All health and healing comes from within, because the mind controls the body and shapes the outside world.

We all have our own journeys to make, our own paths to follow, and we are the cartographers of our journey.  The word “paradigm” means a pattern or example.  A universal paradigm, or outlook on the world, is a pattern that we maintain for how we think reality operates.  Keeping a journal is one such way of mapping out your journey so others can follow along, recording thoughts and events and revelations as landmarks to help you make sense of all the chaos that’s around you.

The lessons that are passed down to us from books, stories, and the experiences of our friends, families, and teachers serve as maps that can, if they are accurate, provide guidance and order in our lives.

“The dark night of the soul is a time of massive cognitive restructuring.  You mind is reconsidering its previous model of reality in order to complete the jump to a new level of understanding.” ~ Personal Development for Smart People.

As in worldly travel, it’s good to have a map to help lead you quickly and safely to your destination.  But what happens when you encounter something new in your reality that doesn’t fit with your pre-established model of the world?  What happens when you travel off the map into an area that your fellows marked off “here be monsters”?  An area of thought that neither you, nor anyone you know, has explored before?

This is what is referred to as a moment of cognitive dissonance – cognitive meaning thought and dissonance meaning chaotic.  It is also called a dark night of the soul because the soul, one’s identity, is thrown into darkness and turmoil, removed from the light of knowledge, safety, and wholeness.

Really, when one has a moment of cognitive dissonance, there are only two things you can do.  You can accept this new data and incorporate it into your own map, which may then be completely different from the map you used before; or you can reject the new phenomenon and deny it ever existed in the first place, relying on the belief that your map is already accurate.

Usually rare or traumatic events create cognitive dissonance.  A staunch atheist who suddenly witnesses a miracle may come to question whether there is any truth to religion and thus alter his paradigm.  Conversely, a devout religious person who sees nothing but hardship may come to question whether a benevolent God exists.  Someone who sees a UFO may have a moment of cognitive dissonance if they formerly believed they don’t exist.

But paradigms don’t always change as the result of something traumatic.  Something as simple as learning a new vocabulary word can change your word view.

I recall my freshman English teacher in high school told us this story in which she read a headline that had the word “pachyderm” in it.  She didn’t know what it meant at the time, so she looked it up and saw that it meant “elephant.”  From that point on, she started seeing the word everywhere.  Her paradigm had changed and her mind learned how to tune itself to become more receptive to the word.

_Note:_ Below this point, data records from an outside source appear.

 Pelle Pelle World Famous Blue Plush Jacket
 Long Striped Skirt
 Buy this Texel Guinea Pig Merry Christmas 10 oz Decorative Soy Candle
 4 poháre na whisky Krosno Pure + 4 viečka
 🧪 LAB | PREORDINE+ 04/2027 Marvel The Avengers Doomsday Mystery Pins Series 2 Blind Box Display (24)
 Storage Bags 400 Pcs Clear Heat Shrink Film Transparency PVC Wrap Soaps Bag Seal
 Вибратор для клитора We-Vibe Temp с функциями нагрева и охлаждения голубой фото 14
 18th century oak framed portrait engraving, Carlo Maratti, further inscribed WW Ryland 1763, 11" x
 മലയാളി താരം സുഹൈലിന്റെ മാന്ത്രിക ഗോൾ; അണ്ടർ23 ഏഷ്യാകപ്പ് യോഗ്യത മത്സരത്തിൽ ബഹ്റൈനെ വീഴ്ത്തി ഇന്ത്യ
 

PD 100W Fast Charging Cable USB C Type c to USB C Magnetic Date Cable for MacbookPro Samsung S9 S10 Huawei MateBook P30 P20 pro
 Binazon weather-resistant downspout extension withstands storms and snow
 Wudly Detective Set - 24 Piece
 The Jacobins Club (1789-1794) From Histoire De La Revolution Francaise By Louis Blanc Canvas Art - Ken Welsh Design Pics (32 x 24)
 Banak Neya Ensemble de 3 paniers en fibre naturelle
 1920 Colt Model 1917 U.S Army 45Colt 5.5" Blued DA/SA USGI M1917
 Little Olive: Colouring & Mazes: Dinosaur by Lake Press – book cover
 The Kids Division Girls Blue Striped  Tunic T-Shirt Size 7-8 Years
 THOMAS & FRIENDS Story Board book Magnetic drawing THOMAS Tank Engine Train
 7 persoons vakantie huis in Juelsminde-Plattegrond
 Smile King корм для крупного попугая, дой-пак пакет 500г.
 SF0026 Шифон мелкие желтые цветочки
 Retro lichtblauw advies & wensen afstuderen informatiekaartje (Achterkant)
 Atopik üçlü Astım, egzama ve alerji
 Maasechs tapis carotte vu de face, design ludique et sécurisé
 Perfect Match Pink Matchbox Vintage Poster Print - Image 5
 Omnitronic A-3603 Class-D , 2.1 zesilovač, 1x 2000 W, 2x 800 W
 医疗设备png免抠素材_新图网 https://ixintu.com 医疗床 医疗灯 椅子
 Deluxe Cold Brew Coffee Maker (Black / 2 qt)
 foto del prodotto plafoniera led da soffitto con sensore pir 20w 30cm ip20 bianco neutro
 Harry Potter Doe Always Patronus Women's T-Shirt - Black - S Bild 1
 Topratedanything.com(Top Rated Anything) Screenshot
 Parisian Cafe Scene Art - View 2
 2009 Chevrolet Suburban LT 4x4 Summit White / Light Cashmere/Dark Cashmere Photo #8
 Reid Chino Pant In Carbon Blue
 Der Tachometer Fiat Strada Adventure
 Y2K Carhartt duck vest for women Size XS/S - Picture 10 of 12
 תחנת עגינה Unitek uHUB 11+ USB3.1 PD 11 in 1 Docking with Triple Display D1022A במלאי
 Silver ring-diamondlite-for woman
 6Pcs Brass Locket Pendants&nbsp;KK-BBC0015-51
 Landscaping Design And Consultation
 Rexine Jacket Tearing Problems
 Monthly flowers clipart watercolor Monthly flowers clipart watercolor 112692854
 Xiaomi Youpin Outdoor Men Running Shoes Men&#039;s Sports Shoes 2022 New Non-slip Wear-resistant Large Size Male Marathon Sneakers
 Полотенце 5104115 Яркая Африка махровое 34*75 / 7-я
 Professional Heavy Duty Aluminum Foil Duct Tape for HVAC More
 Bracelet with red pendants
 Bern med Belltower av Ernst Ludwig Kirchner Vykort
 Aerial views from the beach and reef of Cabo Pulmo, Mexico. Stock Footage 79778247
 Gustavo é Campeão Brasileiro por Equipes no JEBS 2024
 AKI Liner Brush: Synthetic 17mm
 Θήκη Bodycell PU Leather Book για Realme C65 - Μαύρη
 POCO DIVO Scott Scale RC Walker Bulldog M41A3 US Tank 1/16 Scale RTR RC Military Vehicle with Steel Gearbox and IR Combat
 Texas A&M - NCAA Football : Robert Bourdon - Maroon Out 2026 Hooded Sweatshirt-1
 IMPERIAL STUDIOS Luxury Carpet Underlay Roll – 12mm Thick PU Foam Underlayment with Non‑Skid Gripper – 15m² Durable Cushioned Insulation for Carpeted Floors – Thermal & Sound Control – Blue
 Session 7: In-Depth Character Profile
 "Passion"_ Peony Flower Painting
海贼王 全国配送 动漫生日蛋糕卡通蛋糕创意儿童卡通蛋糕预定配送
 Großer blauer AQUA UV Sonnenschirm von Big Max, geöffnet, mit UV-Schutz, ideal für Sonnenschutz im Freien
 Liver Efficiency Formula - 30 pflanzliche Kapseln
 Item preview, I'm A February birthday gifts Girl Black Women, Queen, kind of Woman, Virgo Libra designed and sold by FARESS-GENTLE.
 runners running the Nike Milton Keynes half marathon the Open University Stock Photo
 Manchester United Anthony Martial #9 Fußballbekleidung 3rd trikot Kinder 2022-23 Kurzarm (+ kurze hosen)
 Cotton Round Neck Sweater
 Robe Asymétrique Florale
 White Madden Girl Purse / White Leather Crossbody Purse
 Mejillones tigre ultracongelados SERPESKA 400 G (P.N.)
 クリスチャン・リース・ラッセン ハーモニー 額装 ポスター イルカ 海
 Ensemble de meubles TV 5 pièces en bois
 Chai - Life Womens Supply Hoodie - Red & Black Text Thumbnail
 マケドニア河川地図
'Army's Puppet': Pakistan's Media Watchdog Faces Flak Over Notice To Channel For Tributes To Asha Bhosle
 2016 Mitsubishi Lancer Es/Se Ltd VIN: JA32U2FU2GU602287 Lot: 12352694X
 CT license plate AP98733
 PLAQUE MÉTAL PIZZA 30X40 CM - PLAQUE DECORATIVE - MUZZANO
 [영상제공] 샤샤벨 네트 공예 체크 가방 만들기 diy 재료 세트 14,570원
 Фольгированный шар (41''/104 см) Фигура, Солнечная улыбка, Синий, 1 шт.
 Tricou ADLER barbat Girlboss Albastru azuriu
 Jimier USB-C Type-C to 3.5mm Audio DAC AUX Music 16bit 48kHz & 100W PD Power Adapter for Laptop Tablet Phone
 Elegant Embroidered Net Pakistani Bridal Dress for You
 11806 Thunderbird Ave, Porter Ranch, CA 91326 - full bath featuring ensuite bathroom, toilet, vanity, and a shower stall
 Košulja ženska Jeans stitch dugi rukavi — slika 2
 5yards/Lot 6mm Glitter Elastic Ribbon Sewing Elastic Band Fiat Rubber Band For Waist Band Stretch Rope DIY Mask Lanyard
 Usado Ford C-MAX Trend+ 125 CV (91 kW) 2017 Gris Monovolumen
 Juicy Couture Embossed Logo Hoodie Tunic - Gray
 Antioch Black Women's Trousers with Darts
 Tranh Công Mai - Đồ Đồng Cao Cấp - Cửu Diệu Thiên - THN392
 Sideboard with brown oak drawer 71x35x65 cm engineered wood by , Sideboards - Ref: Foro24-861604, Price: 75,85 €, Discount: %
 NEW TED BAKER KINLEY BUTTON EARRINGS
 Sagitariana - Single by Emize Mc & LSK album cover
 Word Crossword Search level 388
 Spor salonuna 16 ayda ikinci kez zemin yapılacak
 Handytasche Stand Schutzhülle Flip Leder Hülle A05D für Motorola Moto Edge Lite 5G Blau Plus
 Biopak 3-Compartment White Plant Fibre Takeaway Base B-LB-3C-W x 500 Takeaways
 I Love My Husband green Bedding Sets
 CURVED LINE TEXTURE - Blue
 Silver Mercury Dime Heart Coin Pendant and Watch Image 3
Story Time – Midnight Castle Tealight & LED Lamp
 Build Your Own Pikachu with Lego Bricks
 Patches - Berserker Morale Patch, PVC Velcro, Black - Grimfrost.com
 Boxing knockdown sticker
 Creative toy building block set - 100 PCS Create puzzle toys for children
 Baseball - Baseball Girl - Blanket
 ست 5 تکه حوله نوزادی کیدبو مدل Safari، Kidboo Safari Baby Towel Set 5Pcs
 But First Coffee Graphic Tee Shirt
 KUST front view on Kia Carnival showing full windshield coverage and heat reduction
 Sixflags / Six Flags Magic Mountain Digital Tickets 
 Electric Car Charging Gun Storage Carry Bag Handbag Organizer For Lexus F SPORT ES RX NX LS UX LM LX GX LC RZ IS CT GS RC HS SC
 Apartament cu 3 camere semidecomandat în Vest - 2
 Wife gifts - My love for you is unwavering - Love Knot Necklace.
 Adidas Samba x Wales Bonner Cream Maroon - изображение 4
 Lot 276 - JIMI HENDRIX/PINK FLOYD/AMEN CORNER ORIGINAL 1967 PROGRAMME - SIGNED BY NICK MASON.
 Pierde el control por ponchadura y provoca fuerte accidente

In the movie What the Bleep Do We Know, there is an anecdote about Native Americans who were blind to Columbus’ ships until their spiritual leader told them what they were.  Such a profound shift in thought as that allowed them to become much more aware of them the next time.  This is largely what I’ve tried to do with this blog, is make people aware of different things (like symbols) and so you learn how to see them.

“I imagine that, right now, you’re feeling a bit like Alice tumbling down the rabbit hole.” ~ Morpheus.

The irony is, there’s really only ONE option when it comes to cognitive dissonance.  Denial isn’t an option.  Life is forever changing and evolving, whereas maps remain the same.  Over time, the old maps no longer serve as accurate.  Just as islands rise and crumble and new roads are built, so do does thought evolve.  So denying the changes in one’s reality simply keeps you stuck in the same place, or otherwise lost and confused in an unknown world.

Failing to keep track of how you got to where you are can also cause problems and create disconnections between you and your fellow man.

Those times when I question the reality of The Spirit or the New World Order, I often experience a dark night of the soul; but I manage to pull myself out of it by remembering how I came to have such beliefs and by following the chain of evidence and logical reasoning that lead me to those conclusions.  Then the darkness gives way again to light and all becomes clear.

If there is one thing I would change about my life, it would be to have started my journal as soon as I turned fourteen, instead of taking it up years later.  Not marking a large portion of the path I took to get to where I am has made it difficult for me to help others follow to get to where I am, and so there is a disconnect.  But generally, I do not mind because I found the path on my own and I am confident than others can do the same.  Thankfully, I managed to start mapping out my trail before I got too far into the wilderness.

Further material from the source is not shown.